Mendasarkan pada pendapat Ki Hajar, Soemarsono dan Al Ghazali, maka apa yang dilakukan oleh seseorang mencerminkan karakter yang bersangkutan.  Dengan demikian jika kita ingin perilaku masyarakat baik, maka yang perlu dipikirkan adalah bagaimana mengupayakan agar karakter masyarakat juga baik.  Disinilah pentingnya pendidikan, baik di sekolah, di rumah dan di masyakat.  Dalam konteks ini peran orangtua dan guru sangat penting.  Apalagi guru SD (dan PAUD) yang memupuk karakter anak-anak di tahap awal.

Kapan dan bagaimana pendidikan karakter itu dilaksanakan?  Itulah yang sering ditanyakan teman-teman guru. Untuk membahasnya, kita dapat mulai dengan hasil FGD dengan teman-teman di dunia industri.  Ketika menerima karyawan baru, aspek yang pertama dipersyaratkan adalah karakter.  Mengapa?  Mereka berpendapat, orang yang sudah dewasa karakternya sudah terbentuk dan sulit untuk diubah.  Artinya, pembentukan atau penumbuhkembangan karakter seharusnya dilakukan sejak anak-anak.  Itulah yang menadasari pemikiran saya saat melukiskan proporsi pendidikan karakter dan pendidikan akademik di SD sampai S3 di universitas.  Proporsi tersebut bukan sesuatu yang fix, tetapi hanya ingin menggambarkan pada SD (bahkan PAUD) pendidikan lebih banyak menumbuhkembangkan karakter.  Makin ke atas tingkatannya, proporsi akademik semakin tinggi, sedangkan proporsi karakter turun dengan asumsi karakter anak-anak sudah mulai terbentuk.  Di tingkat universitas, dengan asumsi mahasiswa sudah dewasa dan karakter mereka sudah “jadi” maka pendidikan lebih menekankan pada akademik.

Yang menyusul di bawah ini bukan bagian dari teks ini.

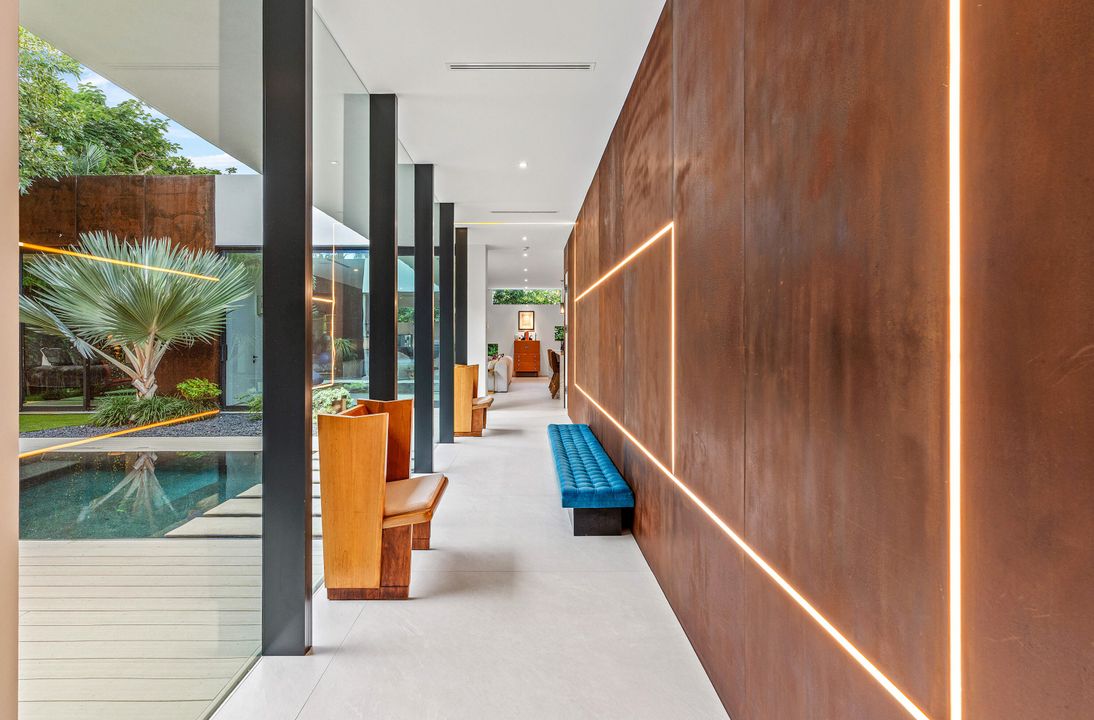 For Sale: $3,799,000 (4 beds, 4 baths, 2859 Square Feet)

Bagaimana pendidikan karakter itu sebaiknya dilakukan?  Ketika meneliti sekolah yang sukses melaksanakan pendidikan karakter, Kemdikbud (2009) menemukan bahwa: (1) pendidikan karakter tidak memerlukan anggaran besar, buktinya sekolah kecil/sederhana juga dapat suskes melaksanakan pendidikan karakter, (2) penumbuhkembangan karakter memerlukan waktu lama, (3) budaya sekolah merupakan faktor determinan dalam pembentukan karakter siswa, karena terbukti karakter siswa terbentuk saat menyesuaikan diri dengan budaya tempat mereka bersekolah, (4) pendidikan karakter memerlukan teladan.

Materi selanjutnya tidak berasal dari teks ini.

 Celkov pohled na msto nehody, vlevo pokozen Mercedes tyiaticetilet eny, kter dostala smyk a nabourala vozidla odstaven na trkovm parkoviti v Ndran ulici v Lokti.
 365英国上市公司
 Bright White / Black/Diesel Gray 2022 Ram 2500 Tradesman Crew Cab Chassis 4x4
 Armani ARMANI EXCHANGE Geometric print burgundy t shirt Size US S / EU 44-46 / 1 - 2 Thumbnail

Apa yang bisa dipetik dari hasil studi tersebut?  Mainstreaming pendidikan karakter yang telah digulirkan Kemdikbud sejak tahun 2010 perlu dilanjutkan dan diperkuat.  Sekolah tidak perlu merisaukan sarana-prasarana, karena terbukti pendidikan sekolah sederhanapun dapat melaksanakan dengan baik.  Yang penting bagaimana menciptakan budaya sekolah yang mampu menumbuhkan karakter positif siswa.  Yang penting bagaimana pada pimpinan sekolah, para guru dan karyawan mampu menjadi teladan berperilaku dalam keseharian.